Entries supplied.

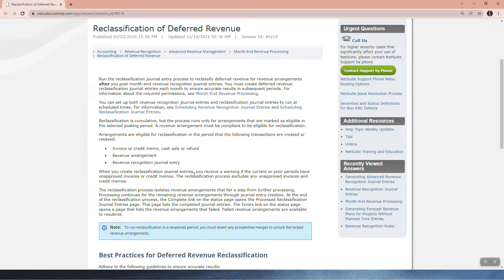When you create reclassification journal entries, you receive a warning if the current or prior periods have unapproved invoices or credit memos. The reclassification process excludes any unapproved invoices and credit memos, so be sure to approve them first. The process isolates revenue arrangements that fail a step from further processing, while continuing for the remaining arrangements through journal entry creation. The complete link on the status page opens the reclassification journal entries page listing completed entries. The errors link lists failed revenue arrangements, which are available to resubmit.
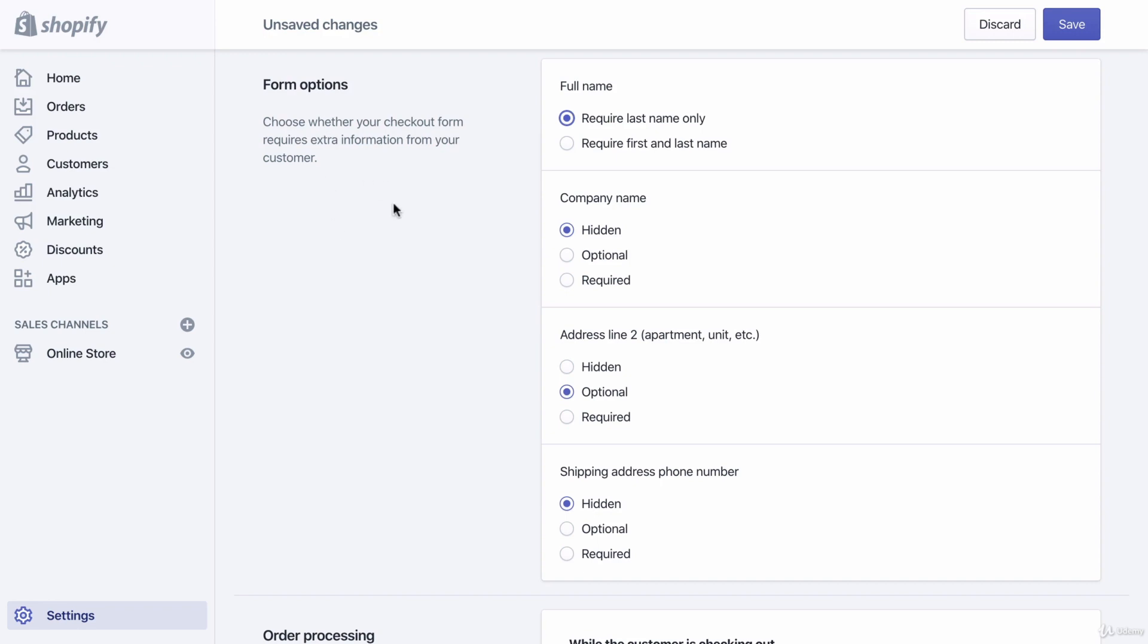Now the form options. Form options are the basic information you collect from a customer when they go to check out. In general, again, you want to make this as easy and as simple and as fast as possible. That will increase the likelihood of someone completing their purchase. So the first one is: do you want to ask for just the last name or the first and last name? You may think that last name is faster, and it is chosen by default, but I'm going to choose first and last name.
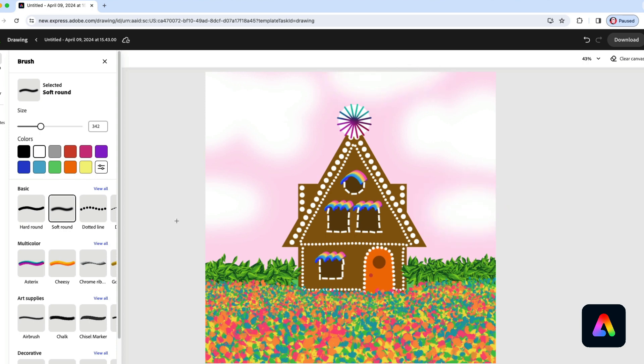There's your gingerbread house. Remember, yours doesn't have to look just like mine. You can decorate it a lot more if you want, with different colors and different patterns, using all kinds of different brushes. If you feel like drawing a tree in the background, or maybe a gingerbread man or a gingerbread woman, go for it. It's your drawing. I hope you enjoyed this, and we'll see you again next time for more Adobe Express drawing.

==

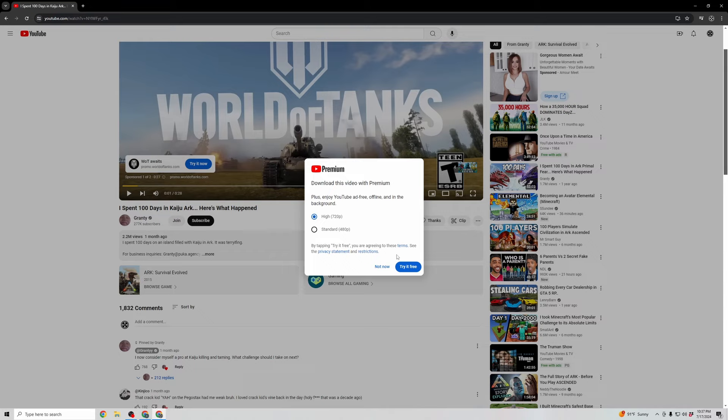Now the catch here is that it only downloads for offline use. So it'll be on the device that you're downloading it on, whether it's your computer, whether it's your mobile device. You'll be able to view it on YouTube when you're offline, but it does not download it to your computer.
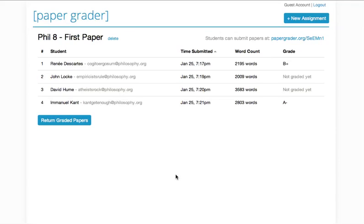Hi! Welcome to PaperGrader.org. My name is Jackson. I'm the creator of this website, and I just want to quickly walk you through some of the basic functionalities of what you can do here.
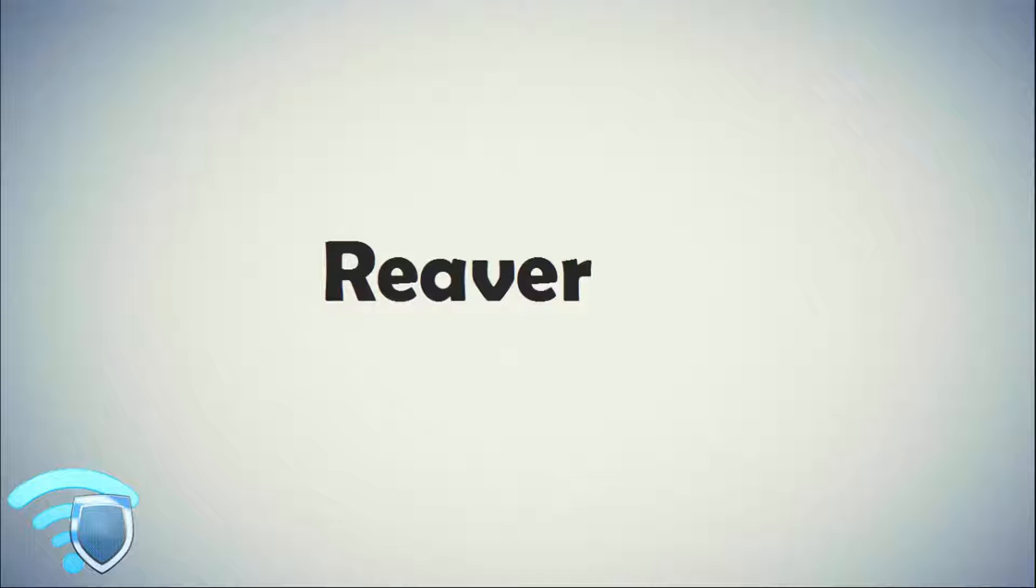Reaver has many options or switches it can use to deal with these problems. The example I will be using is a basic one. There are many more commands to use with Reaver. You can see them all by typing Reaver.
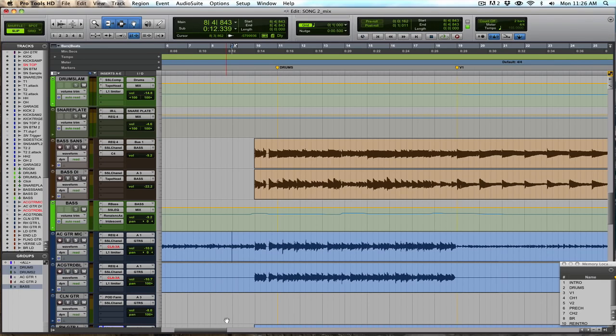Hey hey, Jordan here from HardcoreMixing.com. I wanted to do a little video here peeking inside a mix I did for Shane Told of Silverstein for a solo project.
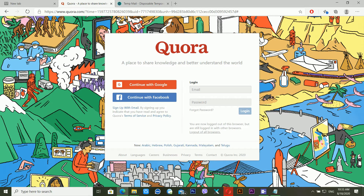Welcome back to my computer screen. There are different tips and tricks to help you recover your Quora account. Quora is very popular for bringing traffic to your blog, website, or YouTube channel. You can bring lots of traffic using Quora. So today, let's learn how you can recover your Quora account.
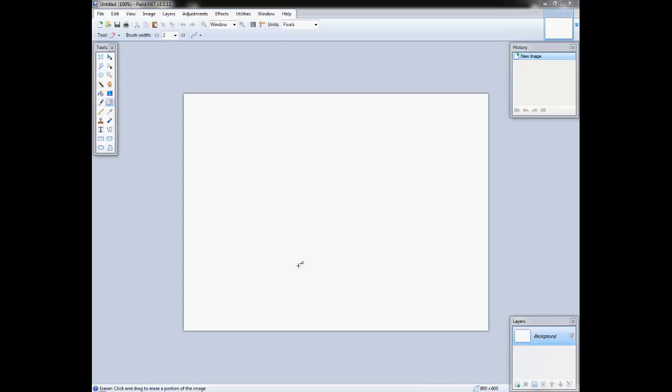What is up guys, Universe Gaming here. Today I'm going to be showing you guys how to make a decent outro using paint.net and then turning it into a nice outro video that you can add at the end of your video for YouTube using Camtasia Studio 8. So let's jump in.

---

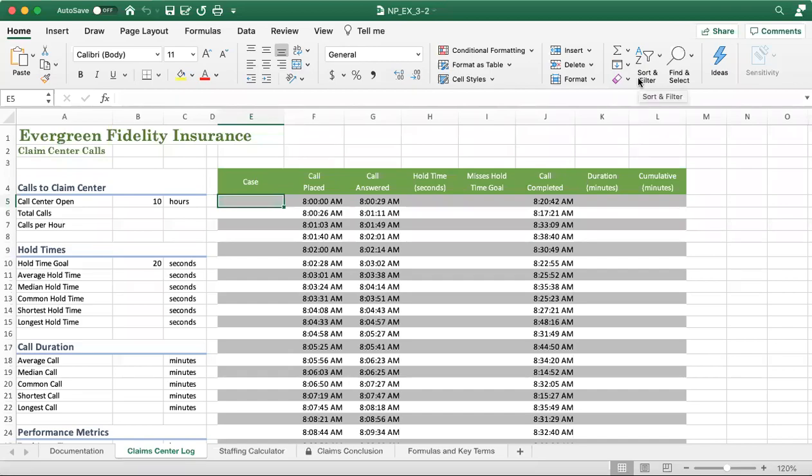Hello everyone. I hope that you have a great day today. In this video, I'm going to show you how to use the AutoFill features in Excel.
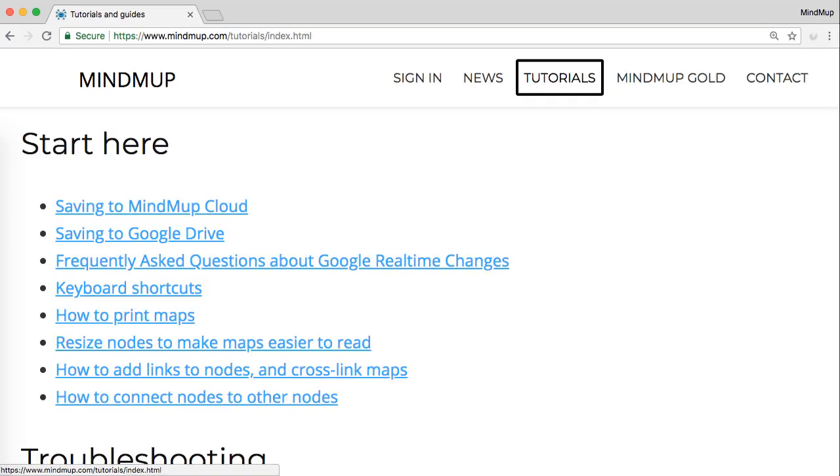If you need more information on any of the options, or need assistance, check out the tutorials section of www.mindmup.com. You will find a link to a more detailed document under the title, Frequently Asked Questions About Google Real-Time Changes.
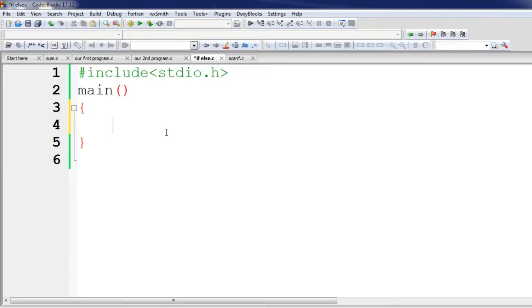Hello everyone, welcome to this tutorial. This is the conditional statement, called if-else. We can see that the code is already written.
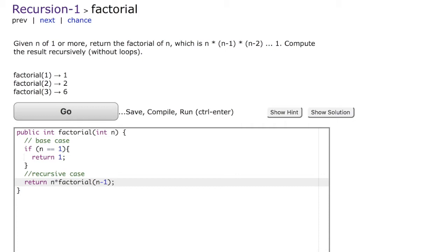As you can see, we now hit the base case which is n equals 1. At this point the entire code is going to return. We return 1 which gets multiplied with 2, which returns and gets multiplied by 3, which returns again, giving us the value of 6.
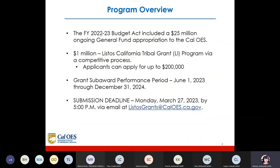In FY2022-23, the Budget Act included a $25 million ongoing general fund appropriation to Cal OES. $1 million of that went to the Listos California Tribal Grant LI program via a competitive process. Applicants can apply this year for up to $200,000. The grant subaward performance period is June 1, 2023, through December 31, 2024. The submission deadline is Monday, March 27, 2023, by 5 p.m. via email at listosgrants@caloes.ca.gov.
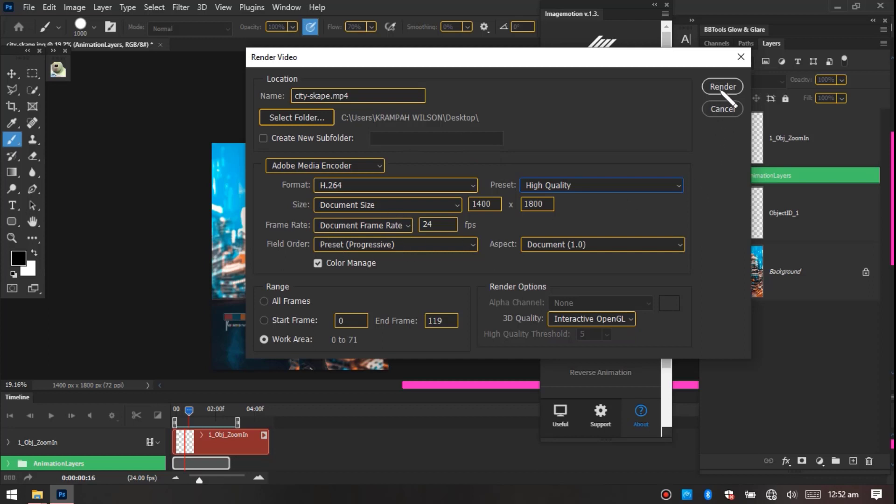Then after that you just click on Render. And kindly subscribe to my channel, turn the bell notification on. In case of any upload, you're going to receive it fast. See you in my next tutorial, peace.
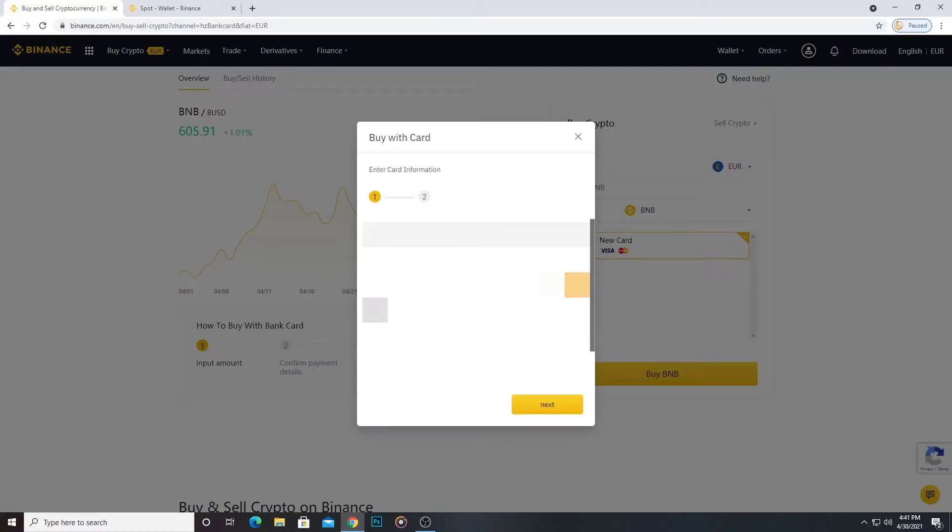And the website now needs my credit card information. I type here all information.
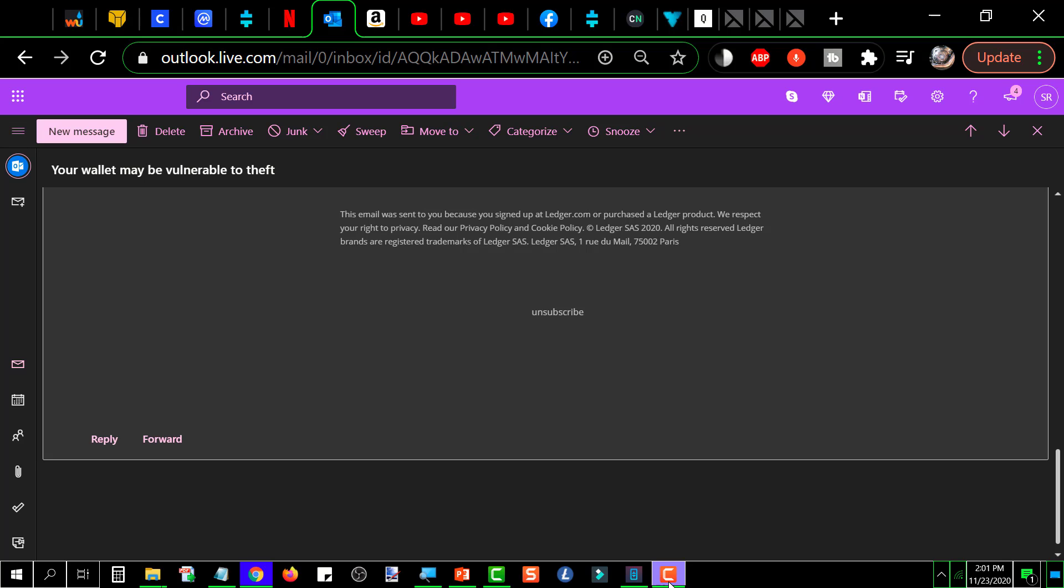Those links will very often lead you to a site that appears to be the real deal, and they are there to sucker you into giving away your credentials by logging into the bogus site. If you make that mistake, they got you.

Problem requirements. Only the lines of the listing above from the one with "Now the form" through the one with "There's your gingerbread" should be output, exactly, with both ends kept and pictures left out.

Exercise result.
Now the form options. Form options are the basic information you collect from a customer when they go to check out. In general, again, you want to make this as easy and as simple and as fast as possible. That will increase the likelihood of someone completing their purchase. So the first one is: do you want to ask for just the last name or the first and last name? You may think that last name is faster, and it is chosen by default, but I'm going to choose first and last name.
There's your gingerbread house. Remember, yours doesn't have to look just like mine. You can decorate it a lot more if you want, with different colors and different patterns, using all kinds of different brushes. If you feel like drawing a tree in the background, or maybe a gingerbread man or a gingerbread woman, go for it. It's your drawing. I hope you enjoyed this, and we'll see you again next time for more Adobe Express drawing.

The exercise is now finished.